The firm, which has its UK headquarters in Leamington Spa, wielded the axe at its Stocks and Ferguson businesses as the downturn in the US residential homes market and the continued weakness of the dollar severely hit group profits for the three months to October 31.

The group shed 1,700 workers in the quarter and is planning to axe another 1,300 jobs in the second three months - making a total of 3,000 in the first half of 2007-08. In its last fiscal year to July 31, it cut a total of 6,000 jobs, with around 3,500 of these at US building materials firm Stocks.

This time Stocks has seen another 1,500 jobs depart, while heating and plumbing supplies unit Ferguson is set to lose 1,300 workers in the second quarter after 200 in the first three months.

Group chief executive Chip Hornsby said: "The group is going through a very difficult period and we're having to take swift and decisive action to adjust our cost base."

Mr Hornsby warned there were increasing signs the UK housing market is also slowing, while the repairs, maintenance and improvement sector is showing signs of weakness, due to deteriorating consumer confidence and tighter credit conditions.

Profits from North America are continuing to be hit by the slowdown in the housing market, falling consumer confidence and the weaker dollar, which is hurting profits on translation. The group used a dollar/sterling exchange rate of 2.03 in the quarter, compared to 1.89 for the same period a year ago.

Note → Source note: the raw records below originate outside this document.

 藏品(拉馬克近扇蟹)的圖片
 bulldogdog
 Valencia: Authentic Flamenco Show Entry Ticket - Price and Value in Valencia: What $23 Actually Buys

Trading profits from North America were consequently down by 30 per cent in the three months to October as Stocks incurred a first-quarter loss, while total revenues were adrift 10 per cent. On a constant currency basis, revenues and profits would both have been about six per cent higher.

The picture was a little brighter in Europe, with good performances from the UK and the Nordic regions offsetting downturns in France and Central and Eastern Europe, but these were not enough to stem the decline in North America.

Overall, underlying pre-tax profits for the group as a whole were down by almost 15 per cent in the three months to October, prompting one broker to call yesterday's update "a profit warning".

Panmure Gordon said it would have to make "a big downgrade" to its earnings projections and was looking at a 20 per cent fall in profits to some £600 million for 2007-08.

Mr Hornsby said he remained confident of achieving a seven per cent operating margin by 2011, despite the more challenging trading conditions in North America. But he acknowledged the board may have to look at the figure again if the downturn continues for another 12 to 24 months.

"As it stands at the moment, we are still on track to achieve this target," he said.

The redundancies will save £35.9 million in 2007-08, rising to £60 million in a full year, while other savings and efficiency measures are planned.

Mr Hornsby also hinted the group may slow its acquisition programme and become "more selective" on purchases over the coming months.

He said: "We'll look to keep our powder dry, especially in North America where we expect acquisition prices to fall.

"We're not going to jump into buying something today that we could buy more cheaply in five-to-six months time."

So far this year, Wolseley has spent £170 million on bolt-on acquisitions.